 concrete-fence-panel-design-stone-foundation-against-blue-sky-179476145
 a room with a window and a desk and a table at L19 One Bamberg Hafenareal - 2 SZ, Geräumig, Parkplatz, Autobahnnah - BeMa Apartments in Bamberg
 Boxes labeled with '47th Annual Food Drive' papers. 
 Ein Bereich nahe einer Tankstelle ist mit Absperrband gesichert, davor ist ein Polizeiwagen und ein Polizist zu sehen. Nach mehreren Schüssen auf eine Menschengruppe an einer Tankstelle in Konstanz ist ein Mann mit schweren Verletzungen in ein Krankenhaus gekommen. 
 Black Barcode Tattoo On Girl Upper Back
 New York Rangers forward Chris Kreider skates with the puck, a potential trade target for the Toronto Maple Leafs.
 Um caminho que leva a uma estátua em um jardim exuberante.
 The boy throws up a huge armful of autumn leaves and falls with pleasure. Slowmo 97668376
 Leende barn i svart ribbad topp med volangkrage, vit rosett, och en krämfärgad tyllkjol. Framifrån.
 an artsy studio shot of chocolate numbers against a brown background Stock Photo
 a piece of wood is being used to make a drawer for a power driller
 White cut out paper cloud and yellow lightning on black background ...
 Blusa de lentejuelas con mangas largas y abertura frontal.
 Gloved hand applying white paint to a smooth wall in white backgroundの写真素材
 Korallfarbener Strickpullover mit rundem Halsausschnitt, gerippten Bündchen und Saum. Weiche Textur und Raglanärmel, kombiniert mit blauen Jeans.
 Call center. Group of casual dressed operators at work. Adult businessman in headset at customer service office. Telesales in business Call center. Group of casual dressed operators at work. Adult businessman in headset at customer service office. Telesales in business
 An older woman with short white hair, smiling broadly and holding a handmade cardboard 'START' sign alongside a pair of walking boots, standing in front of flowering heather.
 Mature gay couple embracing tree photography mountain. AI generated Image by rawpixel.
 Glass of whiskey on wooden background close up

====================

What to produce =>
Give back the records word for word. Start at the first line, end at the line containing "Korallfarbener Strickpullover mit", and include both.

Reply to the task =>
 concrete-fence-panel-design-stone-foundation-against-blue-sky-179476145
 a room with a window and a desk and a table at L19 One Bamberg Hafenareal - 2 SZ, Geräumig, Parkplatz, Autobahnnah - BeMa Apartments in Bamberg
 Boxes labeled with '47th Annual Food Drive' papers. 
 Ein Bereich nahe einer Tankstelle ist mit Absperrband gesichert, davor ist ein Polizeiwagen und ein Polizist zu sehen. Nach mehreren Schüssen auf eine Menschengruppe an einer Tankstelle in Konstanz ist ein Mann mit schweren Verletzungen in ein Krankenhaus gekommen. 
 Black Barcode Tattoo On Girl Upper Back
 New York Rangers forward Chris Kreider skates with the puck, a potential trade target for the Toronto Maple Leafs.
 Um caminho que leva a uma estátua em um jardim exuberante.
 The boy throws up a huge armful of autumn leaves and falls with pleasure. Slowmo 97668376
 Leende barn i svart ribbad topp med volangkrage, vit rosett, och en krämfärgad tyllkjol. Framifrån.
 an artsy studio shot of chocolate numbers against a brown background Stock Photo
 a piece of wood is being used to make a drawer for a power driller
 White cut out paper cloud and yellow lightning on black background ...
 Blusa de lentejuelas con mangas largas y abertura frontal.
 Gloved hand applying white paint to a smooth wall in white backgroundの写真素材
 Korallfarbener Strickpullover mit rundem Halsausschnitt, gerippten Bündchen und Saum. Weiche Textur und Raglanärmel, kombiniert mit blauen Jeans.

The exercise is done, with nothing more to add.